Su questo, devo dire che nell’articolo di FanPage c’è un passaggio che mi ha fatto un po’ ben sperare perché a un certo punto si dice, leggo, che “Shikma Bressler, una delle leader del movimento, nel parlare al pubblico ha accusato Netanyahu di mettere a rischio la vita dei cittadini israeliani e dei palestinesi a Gaza”. Colo che poi quando l’articolo cita direttamente le sue parole, dei palestinesi non c’è traccia. Perché dice: “È tempo di porre fine a questa follia prima che non abbiamo più nessuno da salvare, prima che non ci sia più un Paese”.
E ho fatto anche una rapida ricerca e ho trovato anzi articoli molto critici ad esempio su Al Jazeera sul fatto che questa che è forse la principale leader delle proteste anti Netanyahu, fin dalle proteste contro la riforma sulla Giustizia, quindi da ben prima del 7 ottobre, sia del tutto insensibile alla questione palestinese. Quindi sospetto che sia un caso di Wishful thinking da parte del giornalista di FanPage. Ma mi riprometto di approfondire.
C’è anche un altro conflitto in cui si stanno muovendo cose ultimamente ed è quello nella RD Congo. Andiamo sul manifesto dove Marinella Correggia racconta che Martedì a sorpresa l’emiro del Qatar Tamim al-Thani ha promosso a Doha un incontro fra Félix Tshisekedi, presidente della Repubblica democratica del Congo (Rdc) e Paul Kagame, presidente del Ruanda.
Che è una roba abbastanza grossa e inaspettata perché i due non si incontravano da oltre un anno e sono schierati sui fronti opposti del conflitto.
Faccio un po’ un riassunto. La Repubblica Democratica del Congo è di nuovo nel caos a causa della recrudescenza del conflitto nella regione del Kivu, una zona in cui da anni si intrecciano guerre locali, interessi regionali e mire economiche anche globali. Visto che la regione è ricca di risorse minerarie – coltan, oro, cobalto, litio, rame e tantalio.
Negli ultimi mesi, la situazione è precipitata con una nuova avanzata della milizia armata M23, sostenuta direttamente dal Ruanda, che ha preso il controllo di città strategiche come Goma nel Nord Kivu e Bukavu nel Sud Kivu.

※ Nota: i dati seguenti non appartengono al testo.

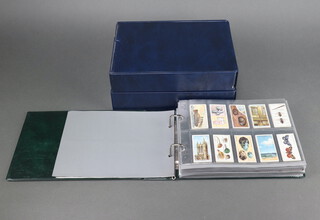 Three albums of cigarette cards including Wills - Coronation Series, The Reign of George V, Our King and Queen, Old Pottery and Porcelain, Do You Know series 1-5, Household Hints series 1 and 2, Life in the Royal Navy, Air Raid Precautions, John Players - Ships Figureheads, Highland Clans, Coronation Series Ceremonial Dress, Churchmans - King's Coronation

Nei mesi si sono moltiplicate le iniziative diplomatiche ma sul terreno la guerra è sempre proseguita. L’incontro previsto tra il governo congolese e l’M23 è saltato all’ultimo momento, con la milizia che ha ritirato la propria delegazione sostenendo di averlo fatto per via delle sanzioni UE contro i vertici dell’M23 e della nuova offensiva dell’esercito congolese, che avrebbe causato vittime civili.
Dopo l’incontro fra i due leader è stata rilasciata una dichiarazione congiunta che ribadisce l’impegno al cessate il fuoco e alla prosecuzione dei processi di pace di Luanda e Nairobi. Ma per il momento non sembra che questa cosa stia avendo effetti immediati e il quadro resta confuso: mentre alcuni attori regionali (come il Qatar) cercano di mediare, le milizie continuano a guadagnare terreno, le forze di pace dell’ONU (Monusco) si preparano a ritirarsi e le popolazioni civili vivono in condizioni di totale insicurezza, fame, assenza di cure e coprifuoco imposti.

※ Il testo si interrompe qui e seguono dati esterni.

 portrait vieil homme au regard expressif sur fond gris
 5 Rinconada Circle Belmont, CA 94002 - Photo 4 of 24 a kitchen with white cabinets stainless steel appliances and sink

Negli ultimi giorni il presidente della Repubblica Democratica del Congo Tshisekedi (Ci-se-kè-di), ha persino inviato una lettera a Donald Trump proponendo un accordo strategico in cui in cambio dell’assistenza militare americana contro l’M23 offre accesso privilegiato alle sue risorse minerarie.
E tra le molte ombre di questo conflitto, spuntano nuovi e vecchi protagonisti: l’ex presidente Joseph Kabila è stato visto in Uganda in contemporanea con Corneille Nangaa, leader politico dell’Afc. Tutto questo mentre cresce l’idea, rilanciata anche dal Nobel per la pace Denis Mukwege, che sia necessario un intervento internazionale su larga scala, perché il conflitto nel Kivu non è più solo un problema congolese, ma una crisi regionale che riguarda tutta l’Africa centrale.
Oggi è la giornata mondiale delle foreste e proprio pochi giorni fa è arrivata una notizia super interessante. Rebecca Manzi su GreenMe racconta di come la Norvegia sia diventata il primo Paese al mondo a vietare ufficialmente, per legge, la deforestazione nelle proprie attività istituzionali. Niente più contratti pubblici con aziende coinvolte nell’abbattimento indiscriminato di foreste.
Tutto è partito nel 2018, quando il Parlamento norvegese ha approvato il Piano nazionale per la biodiversità. Da lì si è avviato questo percorso legislativo che ha portato all’approvazione di questa legge, la scorsa settimana.
Ora, però, dobbiamo chiederci: che vuol dire vietare la deforestazione nelle attività istituzionali? Perché da come la mettono molti giornali sembra che la Norvegia abbia smesso completamente di deforestare, mentre non è esattamente così. Vietare la deforestazione nelle attività istituzionali significa che lo Stato norvegese – quindi tutte le sue strutture pubbliche, dai ministeri alle agenzie governative – non può più partecipare in alcun modo a pratiche che contribuiscano alla deforestazione, nemmeno indirettamente. Che non è una cosa piccola eh, intendiamoci.
In concreto, vuol dire che:
- non possono essere stipulati contratti pubblici (per esempio per l’acquisto di carta, mobili, cibo, materiali da costruzione, ecc.) con aziende che sono coinvolte in pratiche di deforestazione;
- negli appalti pubblici devono essere rispettati criteri ambientali rigorosi, che escludano prodotti derivati da filiere non sostenibili o che abbiano contribuito alla distruzione di ecosistemi forestali;
- gli investimenti pubblici (diretti o tramite fondi sovrani) devono tenere conto dell’impatto ambientale, e in particolare non devono finire a finanziare aziende legate alla deforestazione.
Quindi non è un divieto “assoluto” a livello nazionale di tagliare alberi in senso lato. Non è nemmeno un divieto di importare prodotti frutto di deforestazione in assoluto. Ma un impegno vincolante che riguarda tutte le attività e decisioni economiche dello Stato.
Ho speso qualche parola in più per spiegare questa cosa ma credo sia importante. Ma comunque resta una mossa significativa, a livello pratico, ma anche a livello simbolico, come esempio verso le aziende, i cittadini e gli altri stati.
La Norvegia è un paese abbastanza contraddittorio sulle politiche ambientali. È uno dei maggiori produttori di petrolio e gas in Europa, e il settore fossile continua a rappresentare una parte enorme della sua economia e delle entrate statali. Al tempo stesso ha alcune delle politiche più avanzate al mondo sulla difesa delle foreste.
Non ne sono sicuro ma è possibile che le due cose siano collegate, in termini di compensazione di CO2 e raggiungimento degli obiettivi climatici. Questo lo dico anche per non finire vittime di facili esterofilie. Ma di nuovo, resta una notizia molto importante.